Clothes Hangers

Recently I bumpted into a web site containing a poem entitled “Remembering Mom’s Clothesline” that was very well written. I have no idea who the author of this poem is, but I hope they don’t mind my posting it on my blog for others to enjoy. The photograph is an image I captured several months ago.

In Panama people hang their clothes on their backyards clothes lines to dry.  Electric dryers are almost non existent in this part of the world.

Photo by ©Omar Upegui R.

To complement this shot, I decided to include a lovely poem about this long time tradition in many parts of the world.

A clothesline was a news forecast
To neighbors passing by
There were no secrets you could keep
When clothes were hung to dry

It also was a friendly link
For neighbors always knew
If company had stopped on by
To spend a night or two

For then you’d see the “fancy sheets”
And towels upon the line
You’d see the “company table cloths”
With intricate design

The line announced a baby’s birth
From folks who lived inside
As brand new infant clothes were hung
So carefully with pride!

The ages of the children could
So readily be known
By watching how the sizes changed
You’d know how much they’d grown!

It also told when illness struck
As extra sheets were hung
Then nightclothes, and a bathrobe too
Haphazardly were strung

It also said, “On vacation now”
When lines hung limp and bare
It told, “We’re back!” when full lines sagged
With not an inch to spare

New folks in town were scorned upon
If wash was dingy and gray
As neighbors carefully raised their brows
And looked the other way

But clotheslines now are of the past,
For dryers make work much less.
Now what goes on inside a home
Is anybody’s guess

I really miss that way of life
It was a friendly sign
When neighbors knew each other best
By what hung out on that line

Author unknown

Photo by ©Omar Upegui R.

After the clothes are dry, they are sent to a Chinese dry cleaners nearby where all their wrinkles are removed.  The next phase is to hang them again inside our closet, waiting to be worn.  And so the cycle repeats itself until the clothes are eventually donated to the church for charity.  Good Day.

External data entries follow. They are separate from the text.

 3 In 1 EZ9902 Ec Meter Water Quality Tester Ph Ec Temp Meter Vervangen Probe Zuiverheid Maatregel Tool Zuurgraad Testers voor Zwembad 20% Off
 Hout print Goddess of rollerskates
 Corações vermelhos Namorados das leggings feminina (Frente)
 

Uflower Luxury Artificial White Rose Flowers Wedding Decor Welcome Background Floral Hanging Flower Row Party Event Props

12 thoughts on “Clothes Hangers”

  1. Oh, what memories! I love line-dried clothes, for the luscious smell as much as anything else. It just makes me laugh, to think that the eco-conscious people around here don’t want people hanging laundry out to dry in the sun, because it’s not aesthetically pleasing to see laundry strung through the neighborhood. Their commitment to solar needs a little tweaking, says me!

    1. Morning Linda,

      It seems to be that the eco-conscious people around you haven’t read this poem. They don’t know what they are missing. Clothes were meant to be dried up under the sun. That’s the natural thing to do, plus it saves a bit on your electric bill.

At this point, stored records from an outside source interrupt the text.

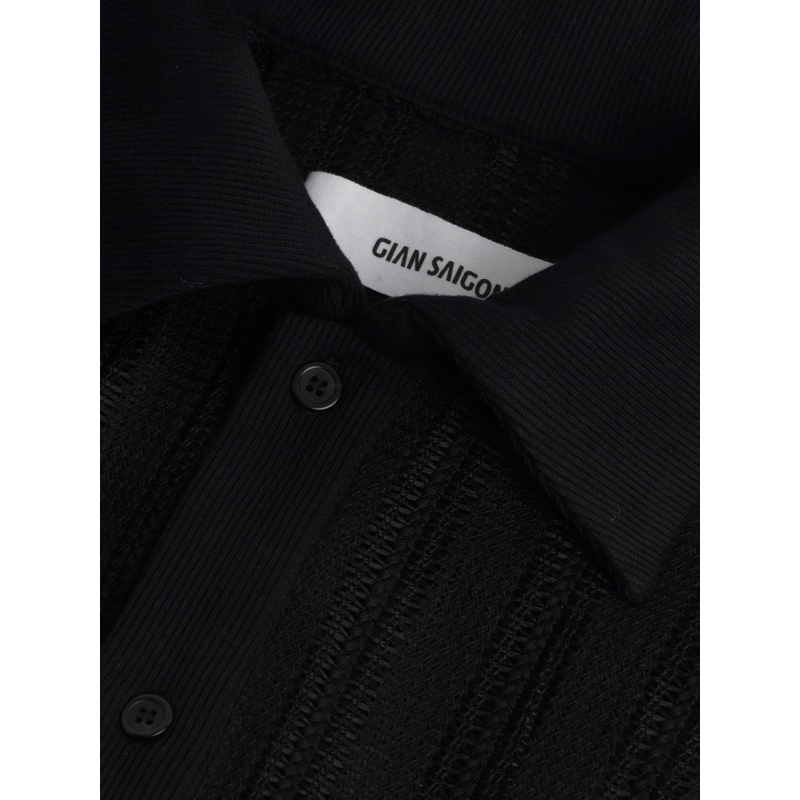 GIAN SAIGON - Áo sơ mi len họa tiết - Semi Sheer Lace Shirt - Màu Đen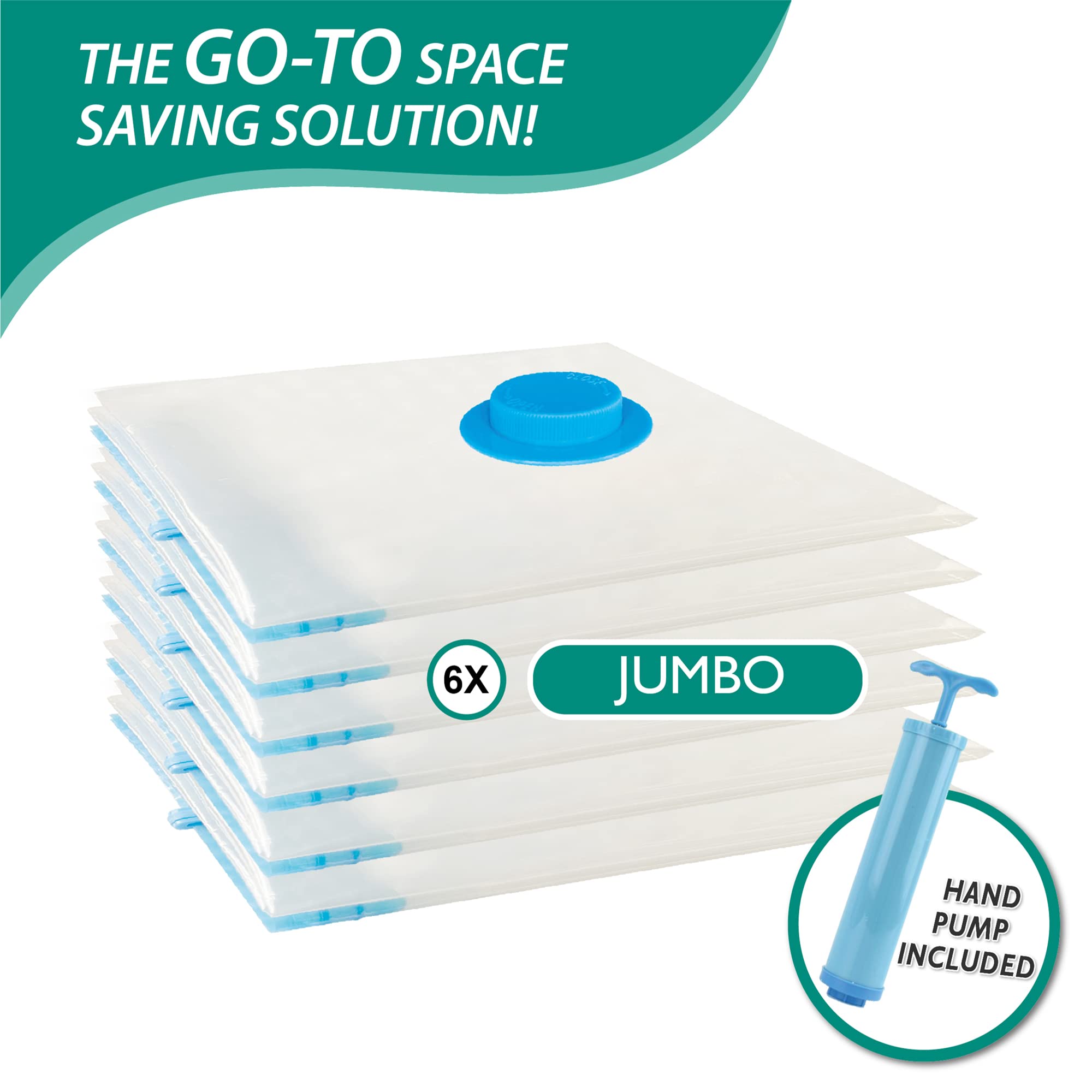 6 Jumbo Vacuum Storage Bags  Space Saver Bags Compression Storage Bags for Comforters and Blankets  Vacuum Sealer Bags for Clothes Storage  Hand Pump Included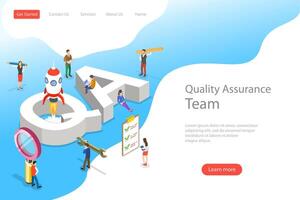 Isometric flat landing page template of QA, quality assurance. vector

      We have never owned an electric dryer and never will. We don’t even know how it looks like. We prefer it that way. 🙂



    1. Hola Jim and Nena:

      As far as I know, the author’s name is unknown. I wish I knew his name, because it says so much about clothes hanging out to dry.

      As you know, In Panama we don’t use electric dryers to dry out clothes. The good ole sun takes care of those responsibilities and is absolutely free. 🙂



  2. I love this poem and what it implies! Learning about your neighbors through their laundry 🙂 Growing up my mother always used a clothesline and I remember helping haul the laundry basket out to the yard with a bag of clothes pins. She still hangs her sheets and blankets out to dry.

    Jim, thanks for the link!

    1. Morning Barbara,

      I enjoyed the poem as well. It is a tradition in Panama to hang our clothes out to dry using clotheslines. Electric dryers are almost nonexistent.

      We use plastic clothes pins now. In the past we used wooden ones, but I haven’t seen them for a while.

      Enjoy the rest of the day, dear Barbara.


      1. My mother still uses the wooden pins. I believe most warmer climates don’t use the electric dryer, I know I wouldn’t 🙂 I’ve not but very few in Puerto Rico or Jamaica.

    2. My pleasure, Barbara! I have been remiss in reading and not posting to your blog but enjoying the photos there nonetheless. 🙂

      Being the 2nd oldest and the oldest boy with 4 sibs, one of my jobs was hauling clothes to the line. My sis’s hauled the dry ones back. haha


  3. Hi Jim and Nena:

    So this means that Ms. Marilyn K. Walker is the author of this beautiful poem? If that is so, you have done a remarkable detective work. Thank you so much Jim for taking the time to discover the mysterious poetess.